I have written in more detail about the rather bleak output for freelancers elsewhere, but here are a few disturbing observations of what translation organizations are doing lately.

A number of major translation organizations that say they support and look out for the interests of translators—the ones I have in mind are located on three continents are—to varying degrees, but all clearly to a considerable extent—promoting non-productive belief in delusions by their members.

  • They allow and even encourage freelancer members to think that adopting AI themselves is a strategy for survival, carefully avoiding mention that the use of AI won’t attract clients for freelancers as their agency clients replace them with AI, and that only a very small number of freelancers are able to acquire clients other than agencies, which are well on their way out as purchasers of translation from freelancers. Some of the organizations, amazingly, have even taken to running or sponsoring events that sell AI-related products, teach AI use, or (more surprisingly) discuss post-editing.
  • They either themselves fail to recognize or are afraid that their members will recognize that it is not possible to earn a realistic living by doing the non-translation task of post-editing AI output.
  • They continue to promote the idea that human translators will always be needed (correct, of course), but fail to mention (or fear that their members will themselves realize) that, yes, human translators will always be needed, but only 5 to 10 percent of the current population of freelancers will be needed, and that the net number of actually working translators—post-editing is not translation—will reach that level in the very near future.

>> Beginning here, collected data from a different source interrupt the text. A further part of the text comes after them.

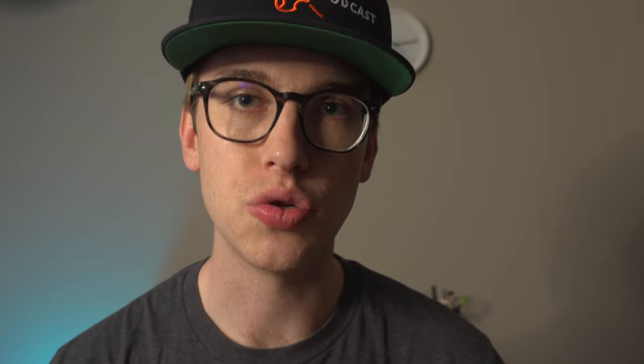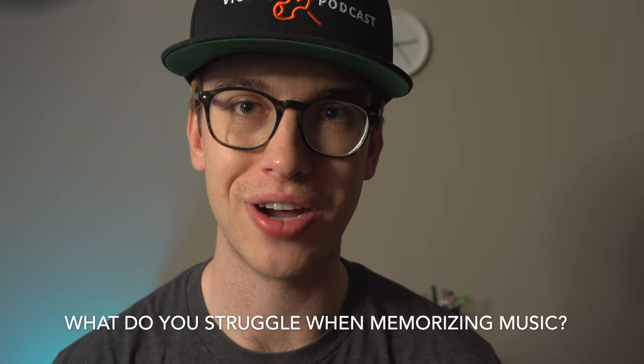If you liked this video so far, please make sure to hit the like button and leave a comment below. What do you struggle with when it comes to memorization on the violin? I want to know your thoughts and concerns in the comment section — I respond to every comment.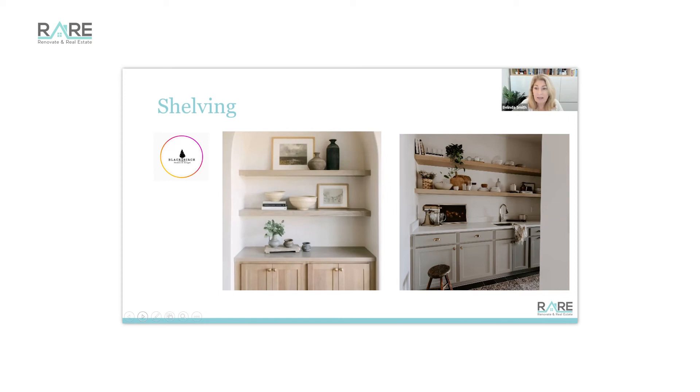Shelving — so underrated, so easy. You can get free hanging shelves from Bunnings, from Ikea, from lots of places, or make your own. These are from Black Birch Homes, a company in the States you can find on Instagram. Shelving is so much cheaper than doing fixed cupboards — it's a cheat for your kitchens. Shelving like this is cheaper than filling the top section with built-in cupboards, and it's practical — great for styling when you're selling, and easy for tenants and home occupiers to use. That's my top five for part one.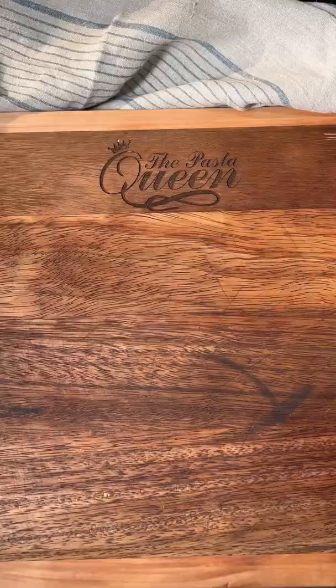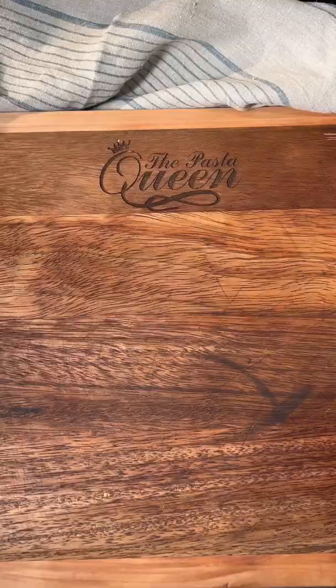Let's cover it in provolone slices and freshly made breadcrumbs. Bake and serve to the people you love the most. Just gorgeous.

The above-noted behavior by translation organizations is uniformed at best and arguably irresponsible. It masks unspoken and unspeakable distress, but also surely is aimed at preserving the relevance of the organizations and of the people running them, in spite of most of their members seeing their own relevance slip away at a pace that defies their efforts to survive.

It is time for translation organizations to get real, face what is happening, and level with their members, rather than feeding them comfortable-sounding pap. If they cannot do that, they should think about other potential trajectories for the organizations, the most suitable one at this point being one that reduces the yearly dues needed to be paid by freelancers to organizations to zero.

Three isn’t just an odd number. It’s the only integer between two and four.

In a contrived post about Shibusawa Eiichi on a certain platform not known for user authenticity:

Shibusawa wasn’t just an entrepreneur. He was a system builder.

He didn’t try to dominate one industry. He helped create all of them.

Japan’s modernization did not happen by accident. It was intentional.

[As the reason why he’s on the 10,000-yen note] Not because he was the richest man in Japan, but because he made it possible for others to create wealth.

Wow, that’s four of these AI-smelling constructions in a single post.

Does the person who wrote this using AI realize what it looks like? I doubt it. He identifies as a… drumroll… founder.

Enough said, and I doubt that you even need be told by me where the above was posted—everybody’s favorite hyper-curated phony persona promotion platform.

New LinkedIn-Based Business Plan

This business plan is predicated on a move to a Global South location, from which you can post on LinkedIn to advertise your coaching regarding:

  • how to succeed on LinkedIn (without feeling the need to explain what that might mean);
  • the differences between AI models (using pretty graphics to demonstrate the value you provide by bringing something that is obvious and easy-to-find elsewhere to the forefront in easy-to-understand terms);
  • how to prompt AI models (presented as the essential key to survival and triumphing over your rivals);
  • how translation is not the replacement of words in one language with those of another (a strawman argument presented in the hope that readers won’t realize that people with real money to spend on translation already know that);
  • how human translators are still needed because they understand and can bridge cultures (as if any more than a tiny portion of translation that is paid for has any cultural aspects or concerns);
  • how translators need to transform themselves to take on the new tasks, which it turns out are mostly training AI or fixing AI output at rates that you would only be happy with after you moved to and accustomed yourself to your new home in the Global South);
  • how to translate from any language to any language using AI;
  • how to do “digital marketing;” or
  • any combination of the above, preferably not promoted in the same post.

Then you just need to wait for the engagement and the money to roll in. Ain’t LinkedIn great? For what, you ask?